# [Assigned task]
Retype all of the listing exactly, with no pictures.

# [Information shown]
BEGIN

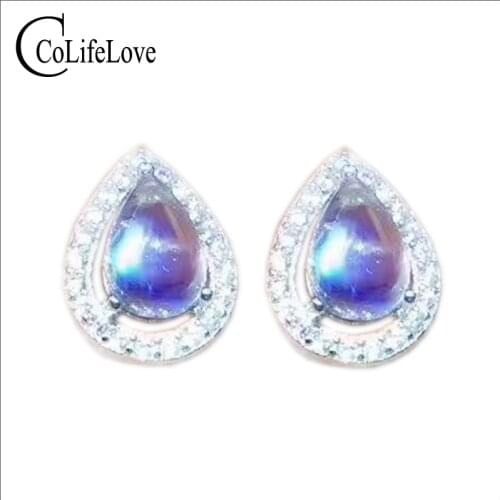 Fashion drop shape stud earrings 4 mm * 6 mm natural flawless moonstone silver earrings solid 925 silver moonstone earrings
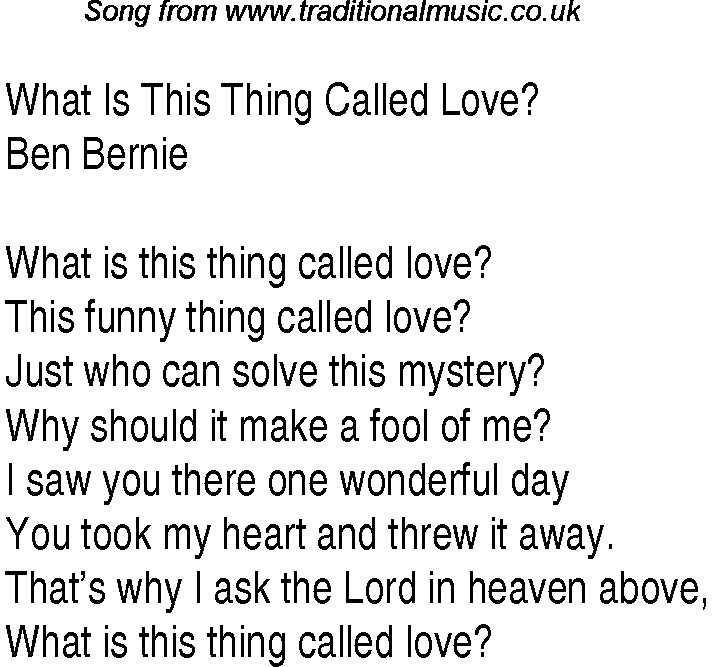 Music charts top songs 1930 - lyrics for What Is This Thing Called Lovebb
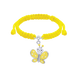 Браслет-шнурок желтый плетеный с серебром Мотылёк Желтый с эмалью и Сваровски Арт. 5430uub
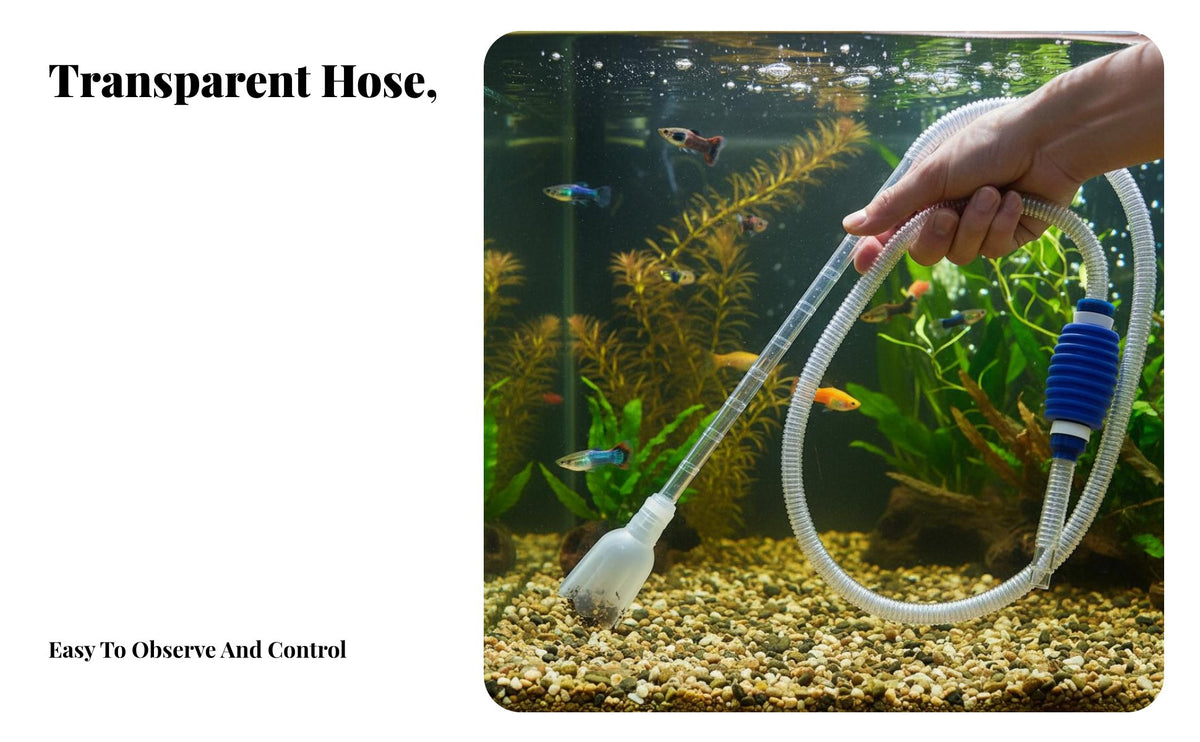 Fish Tank Siphon Cleaner Easy to Use Manual Aquarium Siphon Press Bulb Fish Tank Water Changer for Beginners, Small Tanks, Desktop Aquariums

END

# [Solution for this exercise]
 Fashion drop shape stud earrings 4 mm * 6 mm natural flawless moonstone silver earrings solid 925 silver moonstone earrings
 Music charts top songs 1930 - lyrics for What Is This Thing Called Lovebb
 Браслет-шнурок желтый плетеный с серебром Мотылёк Желтый с эмалью и Сваровски Арт. 5430uub
 Fish Tank Siphon Cleaner Easy to Use Manual Aquarium Siphon Press Bulb Fish Tank Water Changer for Beginners, Small Tanks, Desktop Aquariums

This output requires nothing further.